# Required action
In full and without edits, write out the data that follows.

# Extracted material

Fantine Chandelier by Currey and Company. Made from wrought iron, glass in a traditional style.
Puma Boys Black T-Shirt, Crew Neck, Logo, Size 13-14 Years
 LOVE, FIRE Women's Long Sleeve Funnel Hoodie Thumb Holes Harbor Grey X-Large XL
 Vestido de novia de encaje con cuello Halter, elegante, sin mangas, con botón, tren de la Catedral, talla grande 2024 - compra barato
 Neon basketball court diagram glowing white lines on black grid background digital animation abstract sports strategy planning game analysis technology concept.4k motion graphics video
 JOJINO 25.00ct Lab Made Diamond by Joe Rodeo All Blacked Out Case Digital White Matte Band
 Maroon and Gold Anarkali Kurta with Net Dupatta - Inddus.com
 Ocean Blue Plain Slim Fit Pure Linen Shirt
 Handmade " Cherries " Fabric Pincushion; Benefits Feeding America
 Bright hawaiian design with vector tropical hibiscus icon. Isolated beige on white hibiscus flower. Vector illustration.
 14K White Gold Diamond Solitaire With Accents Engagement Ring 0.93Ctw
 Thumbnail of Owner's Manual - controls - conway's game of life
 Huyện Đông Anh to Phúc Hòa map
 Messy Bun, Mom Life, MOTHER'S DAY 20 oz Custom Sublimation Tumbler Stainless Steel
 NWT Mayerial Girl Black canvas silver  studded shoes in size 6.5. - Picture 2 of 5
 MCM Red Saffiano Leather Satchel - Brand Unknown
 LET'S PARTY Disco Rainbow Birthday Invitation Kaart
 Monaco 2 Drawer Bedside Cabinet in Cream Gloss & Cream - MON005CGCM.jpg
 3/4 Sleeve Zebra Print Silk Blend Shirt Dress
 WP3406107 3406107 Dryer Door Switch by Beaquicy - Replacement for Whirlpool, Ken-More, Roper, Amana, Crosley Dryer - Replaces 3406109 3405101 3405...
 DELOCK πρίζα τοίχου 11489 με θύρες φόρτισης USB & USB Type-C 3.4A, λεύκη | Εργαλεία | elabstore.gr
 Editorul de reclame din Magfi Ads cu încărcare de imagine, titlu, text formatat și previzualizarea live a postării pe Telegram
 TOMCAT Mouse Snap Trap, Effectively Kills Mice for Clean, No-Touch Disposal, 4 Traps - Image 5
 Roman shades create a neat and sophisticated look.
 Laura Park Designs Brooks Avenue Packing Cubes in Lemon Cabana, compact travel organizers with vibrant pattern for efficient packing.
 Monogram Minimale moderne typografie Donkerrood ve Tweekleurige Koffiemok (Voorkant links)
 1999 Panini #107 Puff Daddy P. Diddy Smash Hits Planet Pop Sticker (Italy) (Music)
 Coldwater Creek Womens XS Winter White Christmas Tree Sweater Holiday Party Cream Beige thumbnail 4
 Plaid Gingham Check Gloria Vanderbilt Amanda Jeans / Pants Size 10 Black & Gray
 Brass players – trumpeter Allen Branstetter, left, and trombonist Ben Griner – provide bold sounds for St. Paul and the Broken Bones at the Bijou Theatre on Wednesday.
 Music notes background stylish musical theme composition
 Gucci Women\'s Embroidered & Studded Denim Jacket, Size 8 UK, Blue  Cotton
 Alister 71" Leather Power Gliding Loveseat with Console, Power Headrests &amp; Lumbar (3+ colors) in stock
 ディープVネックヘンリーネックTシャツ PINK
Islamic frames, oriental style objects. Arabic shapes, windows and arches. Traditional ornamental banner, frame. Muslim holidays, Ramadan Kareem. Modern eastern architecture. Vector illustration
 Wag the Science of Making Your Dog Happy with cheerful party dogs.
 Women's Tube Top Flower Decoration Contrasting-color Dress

# Answer space
Fantine Chandelier by Currey and Company. Made from wrought iron, glass in a traditional style.
Puma Boys Black T-Shirt, Crew Neck, Logo, Size 13-14 Years
 LOVE, FIRE Women's Long Sleeve Funnel Hoodie Thumb Holes Harbor Grey X-Large XL
 Vestido de novia de encaje con cuello Halter, elegante, sin mangas, con botón, tren de la Catedral, talla grande 2024 - compra barato
 Neon basketball court diagram glowing white lines on black grid background digital animation abstract sports strategy planning game analysis technology concept.4k motion graphics video
 JOJINO 25.00ct Lab Made Diamond by Joe Rodeo All Blacked Out Case Digital White Matte Band
 Maroon and Gold Anarkali Kurta with Net Dupatta - Inddus.com
 Ocean Blue Plain Slim Fit Pure Linen Shirt
 Handmade " Cherries " Fabric Pincushion; Benefits Feeding America
 Bright hawaiian design with vector tropical hibiscus icon. Isolated beige on white hibiscus flower. Vector illustration.
 14K White Gold Diamond Solitaire With Accents Engagement Ring 0.93Ctw
 Thumbnail of Owner's Manual - controls - conway's game of life
 Huyện Đông Anh to Phúc Hòa map
 Messy Bun, Mom Life, MOTHER'S DAY 20 oz Custom Sublimation Tumbler Stainless Steel
 NWT Mayerial Girl Black canvas silver  studded shoes in size 6.5. - Picture 2 of 5
 MCM Red Saffiano Leather Satchel - Brand Unknown
 LET'S PARTY Disco Rainbow Birthday Invitation Kaart
 Monaco 2 Drawer Bedside Cabinet in Cream Gloss & Cream - MON005CGCM.jpg
 3/4 Sleeve Zebra Print Silk Blend Shirt Dress
 WP3406107 3406107 Dryer Door Switch by Beaquicy - Replacement for Whirlpool, Ken-More, Roper, Amana, Crosley Dryer - Replaces 3406109 3405101 3405...
 DELOCK πρίζα τοίχου 11489 με θύρες φόρτισης USB & USB Type-C 3.4A, λεύκη | Εργαλεία | elabstore.gr
 Editorul de reclame din Magfi Ads cu încărcare de imagine, titlu, text formatat și previzualizarea live a postării pe Telegram
 TOMCAT Mouse Snap Trap, Effectively Kills Mice for Clean, No-Touch Disposal, 4 Traps - Image 5
 Roman shades create a neat and sophisticated look.
 Laura Park Designs Brooks Avenue Packing Cubes in Lemon Cabana, compact travel organizers with vibrant pattern for efficient packing.
 Monogram Minimale moderne typografie Donkerrood ve Tweekleurige Koffiemok (Voorkant links)
 1999 Panini #107 Puff Daddy P. Diddy Smash Hits Planet Pop Sticker (Italy) (Music)
 Coldwater Creek Womens XS Winter White Christmas Tree Sweater Holiday Party Cream Beige thumbnail 4
 Plaid Gingham Check Gloria Vanderbilt Amanda Jeans / Pants Size 10 Black & Gray
 Brass players – trumpeter Allen Branstetter, left, and trombonist Ben Griner – provide bold sounds for St. Paul and the Broken Bones at the Bijou Theatre on Wednesday.
 Music notes background stylish musical theme composition
 Gucci Women\'s Embroidered & Studded Denim Jacket, Size 8 UK, Blue  Cotton
 Alister 71" Leather Power Gliding Loveseat with Console, Power Headrests &amp; Lumbar (3+ colors) in stock
 ディープVネックヘンリーネックTシャツ PINK
Islamic frames, oriental style objects. Arabic shapes, windows and arches. Traditional ornamental banner, frame. Muslim holidays, Ramadan Kareem. Modern eastern architecture. Vector illustration
 Wag the Science of Making Your Dog Happy with cheerful party dogs.
 Women's Tube Top Flower Decoration Contrasting-color Dress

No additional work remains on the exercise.